2) Time and money - Of course, right? In between hot/cold calls and driving cost out of your department after a recession-induced budget cut, who has time to consider sustainability also? Regarding time, sustainability simply must become a priority - cordone off some time each week to work on it. Regarding money, well, you've no-doubt heard the mantra that sustainability doesn't cost, it makes money. Start with some simple operational changes - or very low-cost upgrades (like vendor-misers on vending machines) and get some success stories under your belt.

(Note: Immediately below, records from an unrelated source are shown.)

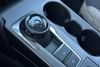 18 thumbnail image of  2025 Ford Bronco Sport Big Bend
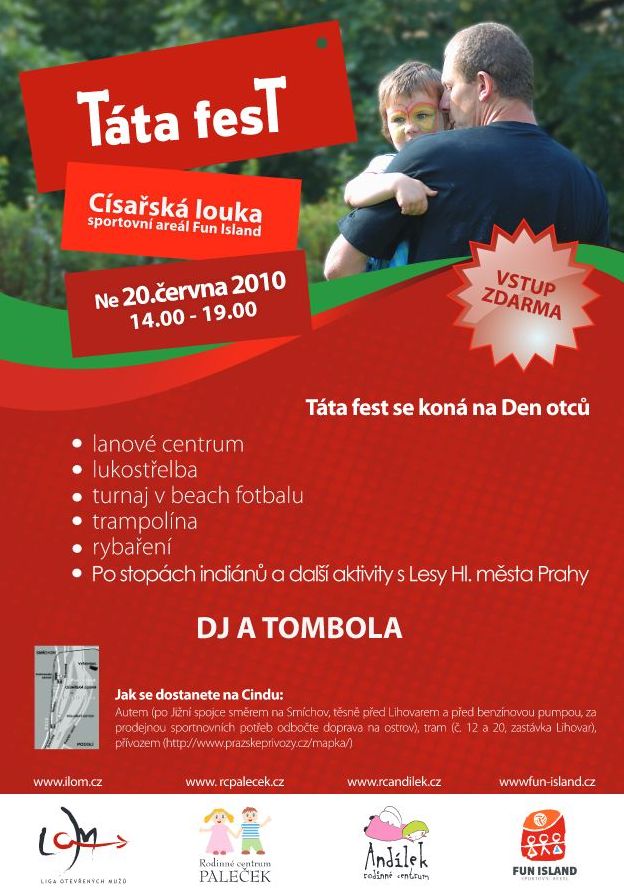 tatafest-pozvanka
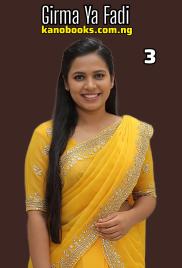 GIRMA YA FADI 3 Complete Hausa Novels By TAKORI.pdf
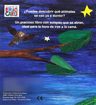 Libro La Oruga Glotona Y Mantita De Bebé Eric Carle Pack — imagen 6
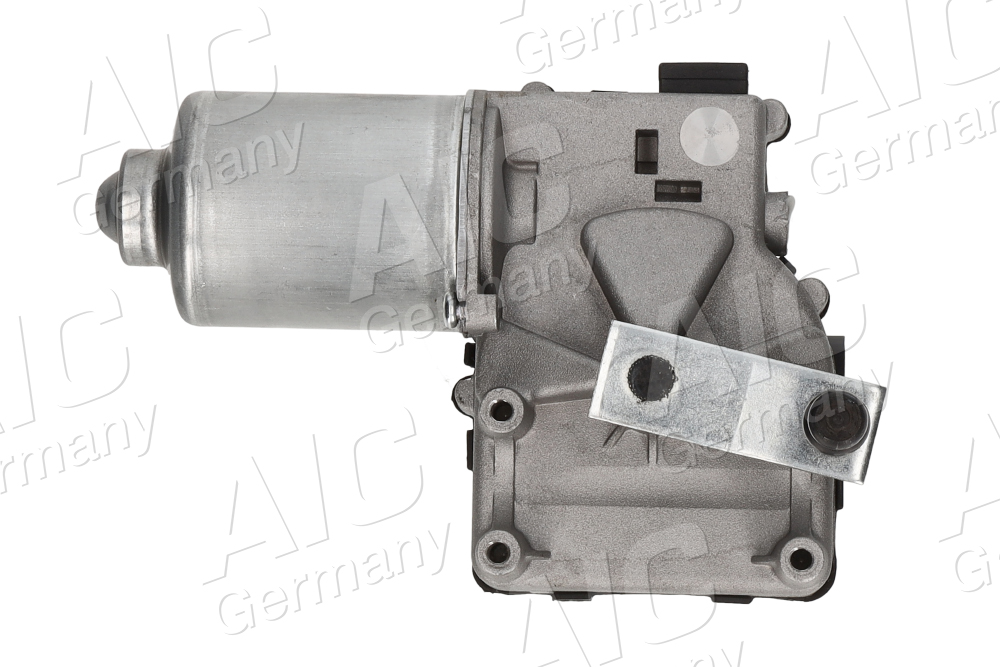 AIC Viskermotor 76820 foran for PEUGEOT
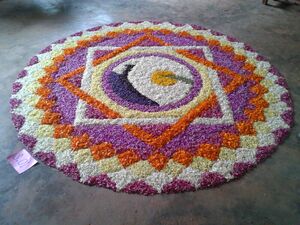 13121 onam 2013 3.jpg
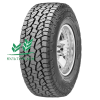 Шина Hankook Dynapro AT M RF10 205/80R16 104 T TL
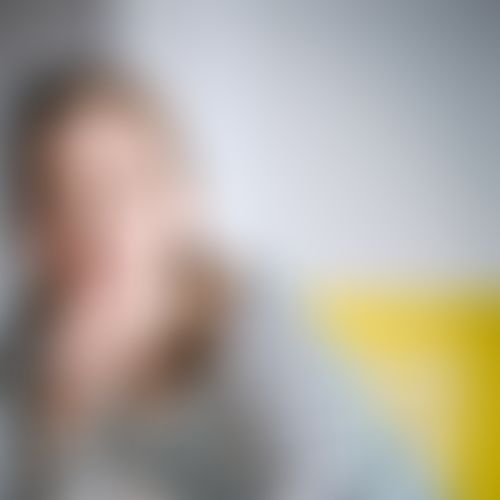 © Dana Schmidt Fotografie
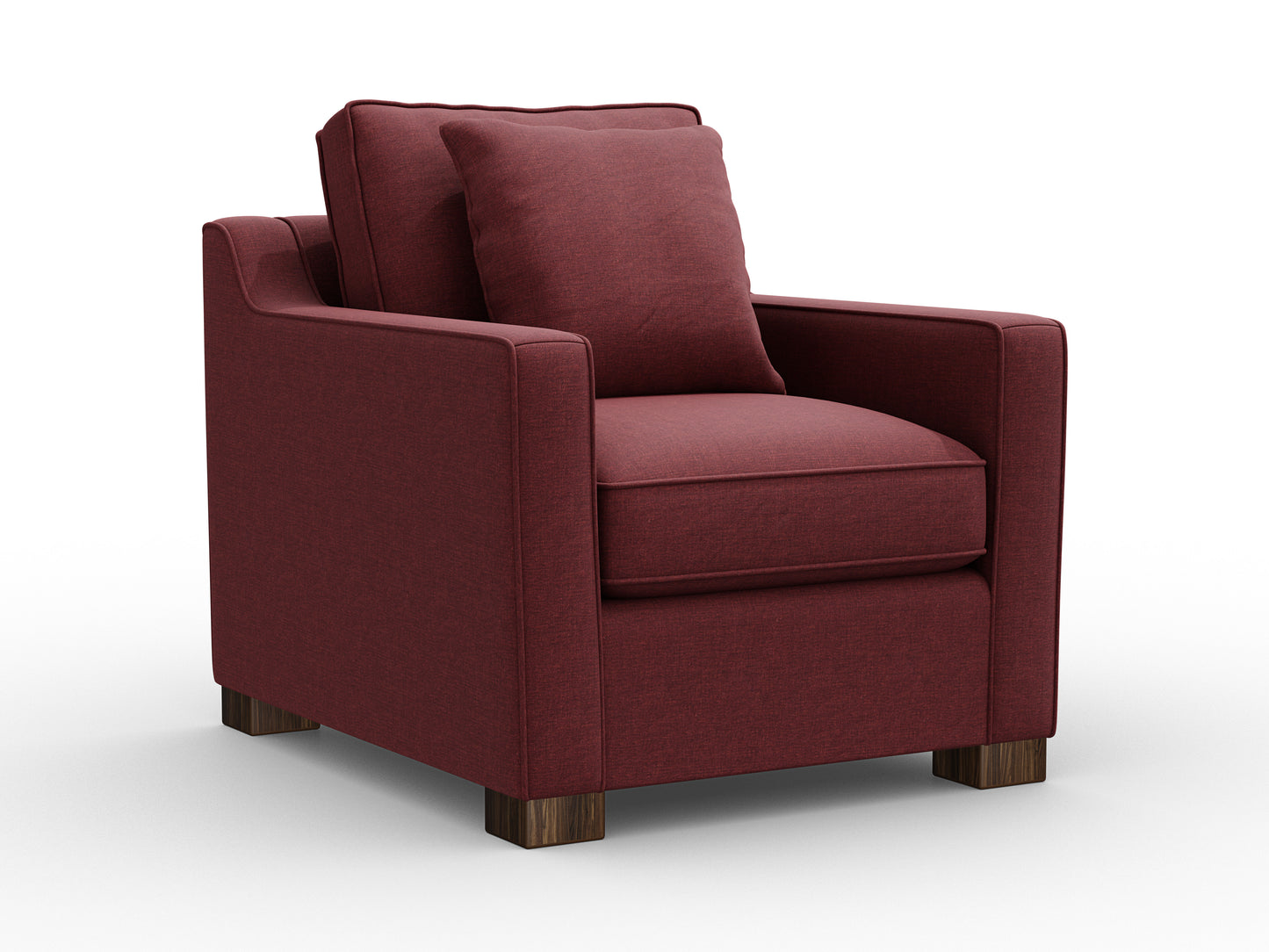 Metro Chair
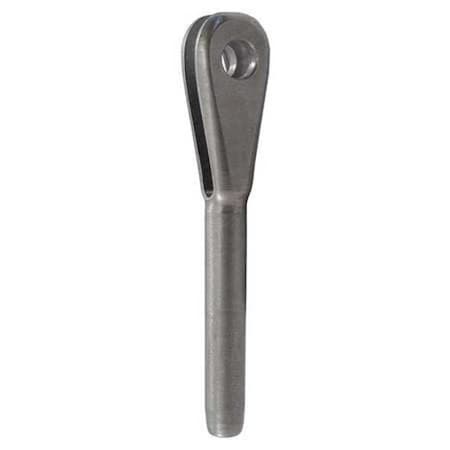 Loos Lifting Equipment MS20667-4 - product photo 1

3) Measuring and reporting results - Much of the discussion around this came down to attendees being daunted about where to start and how to collect data to report. The first presentation of the conference was by Ron Herbst, head of energy management and sustainability for Deutsche Bank, who showed how he had put together an incredibly comprehensive carbon emissions reporting and reduction plan in just over a year and a half. As impressive as it was, the presentation almost was counterproductive in that some attendees looked at Herbst's plan as an impossible standard to live up to. But the advice that emerged throughout the conference was simple: "Just start somewhere." Even if it's just putting your utilty data into a spread sheet, or calculating your Energy Star score, or checking off a few of the credits in the LEED-EB: O&M rating system. Just...start...somwhere.